3. Pick a nice, long movie, like Harry Potter or some other series that requires rapt attention. It’s magical how much work you can get done while little Harry is busy flying around playing Quidditch.
4. Always have a secret stash of crafts available for emergencies. I pull them out, paper my kitchen table and turn a blind eye to the firestorm of mess while I take care of business in my office, just a few feet away from the where the next Picasso is being created.
5. Set them up with the Easy Bake Oven. There is nothing easy about it, but kids love it and even though the kitchen will take forever to clean up you may get 30 minutes to check some e-mails.
6. Give your kids a mid-afternoon ice cream break…outside. When it melts everywhere, just hose them down.
7. Turn on the sprinklers and let your kids run through them to their hearts content. You might even get a chance to take a conference call during the fifteen blissful minutes of water-induced giggling.
8. Sign your child up for as many camps as you can manage. Even if little Susie doesn’t want to learn to knit at first, four morning sessions at the local YMCA will give her plenty of time to figure out how to make the perfect Christmas scarf for Grandma.
9. Have your kids start their own business. It could be a dog walking business, or a lawn business pulling out all those pesky weeds, possibly a lemonade stand – at the next door neighbors, anything is fair game to get some much needed time to work. And think, it will burn energy and make them some cash too!
10. Hire a sitter for a few hours and escape to the library with a pair of noise-canceling headphones. Who cares if you look like you’re trying to land a 747 in the parking lot? You’ll be happier sacrificing fashion for silence.

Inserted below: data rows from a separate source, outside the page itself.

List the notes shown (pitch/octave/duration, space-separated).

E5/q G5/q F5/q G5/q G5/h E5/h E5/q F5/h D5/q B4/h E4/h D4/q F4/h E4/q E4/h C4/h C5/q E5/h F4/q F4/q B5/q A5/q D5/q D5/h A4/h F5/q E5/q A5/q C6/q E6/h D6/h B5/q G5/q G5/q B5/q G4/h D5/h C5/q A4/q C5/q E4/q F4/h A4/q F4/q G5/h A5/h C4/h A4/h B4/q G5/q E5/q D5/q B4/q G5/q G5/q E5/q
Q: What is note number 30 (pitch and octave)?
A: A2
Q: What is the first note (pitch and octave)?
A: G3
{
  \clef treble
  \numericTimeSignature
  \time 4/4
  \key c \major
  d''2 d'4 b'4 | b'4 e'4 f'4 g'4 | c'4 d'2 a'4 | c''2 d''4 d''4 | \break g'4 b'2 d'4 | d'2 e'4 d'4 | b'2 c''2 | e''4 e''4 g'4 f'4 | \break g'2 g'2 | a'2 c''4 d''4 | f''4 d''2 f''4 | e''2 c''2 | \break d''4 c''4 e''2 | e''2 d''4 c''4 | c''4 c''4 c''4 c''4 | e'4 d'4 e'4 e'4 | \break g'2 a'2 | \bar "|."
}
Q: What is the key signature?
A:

11. Farm out little Jacob and Caitlyn to your friend’s house a few hours, and reciprocate for her little terrors. Play time—or work time is much needed for everyone.
Most importantly, be sure to always have some of your favorite snacks in your office drawer or your closet though, because your work time may be the only chance you get to mow a Snickers bar all by your lonesome. Working from home is difficult. Sometimes it just takes a little creativity, and chocolate, to pull it altogether.